* [Work instructions]
Gather all lines from the material that contain the word "Strength".

* [Records provided]
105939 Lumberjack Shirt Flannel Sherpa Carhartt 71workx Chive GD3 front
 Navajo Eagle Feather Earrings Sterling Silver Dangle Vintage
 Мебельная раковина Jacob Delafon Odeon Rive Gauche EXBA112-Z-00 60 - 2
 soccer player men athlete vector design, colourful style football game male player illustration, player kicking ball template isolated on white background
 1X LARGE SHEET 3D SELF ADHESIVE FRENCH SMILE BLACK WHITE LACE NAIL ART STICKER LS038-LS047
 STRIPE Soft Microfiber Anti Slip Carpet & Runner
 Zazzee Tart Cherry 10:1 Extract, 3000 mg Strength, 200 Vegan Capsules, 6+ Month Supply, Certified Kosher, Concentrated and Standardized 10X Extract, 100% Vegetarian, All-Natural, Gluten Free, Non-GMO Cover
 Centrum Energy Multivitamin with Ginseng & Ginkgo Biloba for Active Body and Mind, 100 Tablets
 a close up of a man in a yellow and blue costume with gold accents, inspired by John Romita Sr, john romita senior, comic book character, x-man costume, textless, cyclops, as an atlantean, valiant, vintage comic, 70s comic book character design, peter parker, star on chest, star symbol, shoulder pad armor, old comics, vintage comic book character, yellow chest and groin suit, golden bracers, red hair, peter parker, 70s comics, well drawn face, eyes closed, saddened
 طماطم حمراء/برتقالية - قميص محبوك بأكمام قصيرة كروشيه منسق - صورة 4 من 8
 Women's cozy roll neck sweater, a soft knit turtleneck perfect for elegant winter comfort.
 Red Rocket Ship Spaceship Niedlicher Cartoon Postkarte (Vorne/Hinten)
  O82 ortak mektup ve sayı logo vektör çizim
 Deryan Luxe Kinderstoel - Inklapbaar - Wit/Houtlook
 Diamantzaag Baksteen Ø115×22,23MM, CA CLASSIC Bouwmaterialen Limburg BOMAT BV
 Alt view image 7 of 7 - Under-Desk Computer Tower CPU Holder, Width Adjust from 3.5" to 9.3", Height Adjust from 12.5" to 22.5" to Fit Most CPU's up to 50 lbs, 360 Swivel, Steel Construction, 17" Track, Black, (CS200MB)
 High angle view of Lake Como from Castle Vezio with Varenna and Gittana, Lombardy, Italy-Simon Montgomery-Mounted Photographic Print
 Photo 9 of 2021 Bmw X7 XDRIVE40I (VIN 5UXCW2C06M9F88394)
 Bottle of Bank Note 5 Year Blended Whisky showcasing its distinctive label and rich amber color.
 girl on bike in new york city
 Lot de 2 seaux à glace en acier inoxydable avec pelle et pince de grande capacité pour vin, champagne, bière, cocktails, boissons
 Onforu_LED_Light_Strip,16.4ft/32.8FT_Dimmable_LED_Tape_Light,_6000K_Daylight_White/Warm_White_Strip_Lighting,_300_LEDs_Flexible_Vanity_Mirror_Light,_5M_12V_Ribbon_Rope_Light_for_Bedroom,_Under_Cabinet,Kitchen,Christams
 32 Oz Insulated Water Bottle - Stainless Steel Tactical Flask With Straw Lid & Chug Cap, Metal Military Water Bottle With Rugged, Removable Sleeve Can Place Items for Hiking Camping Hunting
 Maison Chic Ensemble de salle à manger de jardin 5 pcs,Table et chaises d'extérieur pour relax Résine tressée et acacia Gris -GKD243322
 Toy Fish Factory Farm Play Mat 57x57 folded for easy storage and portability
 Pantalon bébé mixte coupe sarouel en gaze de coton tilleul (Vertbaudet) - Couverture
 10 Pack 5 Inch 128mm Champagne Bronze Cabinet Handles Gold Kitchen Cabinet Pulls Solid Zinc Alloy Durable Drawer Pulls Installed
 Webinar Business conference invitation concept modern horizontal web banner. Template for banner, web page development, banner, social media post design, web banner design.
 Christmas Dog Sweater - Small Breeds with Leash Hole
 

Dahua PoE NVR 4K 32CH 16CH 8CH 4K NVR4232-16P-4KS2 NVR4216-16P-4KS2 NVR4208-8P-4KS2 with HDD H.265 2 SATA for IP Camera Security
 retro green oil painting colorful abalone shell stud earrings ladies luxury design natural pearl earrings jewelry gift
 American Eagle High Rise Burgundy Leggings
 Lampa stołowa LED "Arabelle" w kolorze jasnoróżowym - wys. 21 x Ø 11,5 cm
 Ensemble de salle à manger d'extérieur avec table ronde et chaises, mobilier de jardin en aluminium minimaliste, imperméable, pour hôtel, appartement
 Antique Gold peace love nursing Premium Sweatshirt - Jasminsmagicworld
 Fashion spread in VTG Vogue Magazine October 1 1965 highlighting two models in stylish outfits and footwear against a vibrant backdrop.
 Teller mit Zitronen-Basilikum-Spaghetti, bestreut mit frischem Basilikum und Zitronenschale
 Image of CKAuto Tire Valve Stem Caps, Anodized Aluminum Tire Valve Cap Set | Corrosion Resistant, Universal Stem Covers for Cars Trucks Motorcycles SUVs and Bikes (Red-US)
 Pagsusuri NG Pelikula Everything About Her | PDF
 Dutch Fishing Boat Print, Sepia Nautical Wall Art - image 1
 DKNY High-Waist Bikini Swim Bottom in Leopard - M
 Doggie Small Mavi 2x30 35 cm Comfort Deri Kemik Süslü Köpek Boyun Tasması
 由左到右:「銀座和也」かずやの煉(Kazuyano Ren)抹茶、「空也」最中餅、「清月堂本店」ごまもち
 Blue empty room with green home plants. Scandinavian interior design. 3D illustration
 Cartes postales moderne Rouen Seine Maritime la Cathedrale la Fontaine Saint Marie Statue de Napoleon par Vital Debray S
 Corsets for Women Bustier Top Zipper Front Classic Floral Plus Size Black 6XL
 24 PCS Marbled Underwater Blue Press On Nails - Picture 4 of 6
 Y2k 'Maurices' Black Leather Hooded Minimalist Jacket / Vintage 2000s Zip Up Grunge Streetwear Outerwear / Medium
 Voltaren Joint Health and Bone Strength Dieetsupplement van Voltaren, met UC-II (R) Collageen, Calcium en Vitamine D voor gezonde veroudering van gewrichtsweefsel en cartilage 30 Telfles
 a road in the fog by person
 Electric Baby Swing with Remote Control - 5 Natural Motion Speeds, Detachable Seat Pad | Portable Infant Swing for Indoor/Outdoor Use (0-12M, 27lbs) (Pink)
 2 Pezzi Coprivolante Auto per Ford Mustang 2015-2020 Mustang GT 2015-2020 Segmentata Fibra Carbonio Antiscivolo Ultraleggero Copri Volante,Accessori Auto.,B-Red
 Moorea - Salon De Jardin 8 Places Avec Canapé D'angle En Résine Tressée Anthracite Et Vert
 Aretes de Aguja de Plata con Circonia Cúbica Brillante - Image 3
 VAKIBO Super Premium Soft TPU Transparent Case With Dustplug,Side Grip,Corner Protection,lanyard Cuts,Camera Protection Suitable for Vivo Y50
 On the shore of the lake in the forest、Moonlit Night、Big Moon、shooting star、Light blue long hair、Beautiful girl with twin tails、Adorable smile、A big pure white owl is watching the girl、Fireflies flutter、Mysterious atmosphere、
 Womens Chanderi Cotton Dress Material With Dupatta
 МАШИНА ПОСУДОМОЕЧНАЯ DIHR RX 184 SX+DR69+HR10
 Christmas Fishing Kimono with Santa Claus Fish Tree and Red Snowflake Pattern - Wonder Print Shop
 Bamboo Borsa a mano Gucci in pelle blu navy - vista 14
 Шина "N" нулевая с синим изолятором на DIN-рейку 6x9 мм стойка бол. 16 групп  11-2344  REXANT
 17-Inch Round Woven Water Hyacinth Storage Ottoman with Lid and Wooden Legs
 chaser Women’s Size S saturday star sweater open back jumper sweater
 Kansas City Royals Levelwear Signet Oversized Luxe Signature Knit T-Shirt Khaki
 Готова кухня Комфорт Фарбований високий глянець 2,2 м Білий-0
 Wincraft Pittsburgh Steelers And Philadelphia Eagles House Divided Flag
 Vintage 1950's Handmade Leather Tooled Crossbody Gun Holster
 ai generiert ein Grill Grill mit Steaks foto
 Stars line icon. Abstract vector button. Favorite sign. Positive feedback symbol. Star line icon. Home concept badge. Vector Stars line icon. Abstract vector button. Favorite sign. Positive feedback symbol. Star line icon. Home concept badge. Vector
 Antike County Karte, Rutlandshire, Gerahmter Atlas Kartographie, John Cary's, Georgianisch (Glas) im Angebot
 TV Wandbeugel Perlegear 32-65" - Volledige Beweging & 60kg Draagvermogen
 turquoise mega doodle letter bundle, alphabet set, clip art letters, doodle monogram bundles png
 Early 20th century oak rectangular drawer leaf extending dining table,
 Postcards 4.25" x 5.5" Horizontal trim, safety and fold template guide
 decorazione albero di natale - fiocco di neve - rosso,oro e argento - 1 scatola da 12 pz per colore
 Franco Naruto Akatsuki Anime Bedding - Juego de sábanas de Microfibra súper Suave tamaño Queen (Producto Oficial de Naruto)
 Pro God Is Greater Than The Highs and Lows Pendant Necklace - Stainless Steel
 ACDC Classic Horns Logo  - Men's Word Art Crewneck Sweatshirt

* [Answer space]
 Zazzee Tart Cherry 10:1 Extract, 3000 mg Strength, 200 Vegan Capsules, 6+ Month Supply, Certified Kosher, Concentrated and Standardized 10X Extract, 100% Vegetarian, All-Natural, Gluten Free, Non-GMO Cover
 Voltaren Joint Health and Bone Strength Dieetsupplement van Voltaren, met UC-II (R) Collageen, Calcium en Vitamine D voor gezonde veroudering van gewrichtsweefsel en cartilage 30 Telfles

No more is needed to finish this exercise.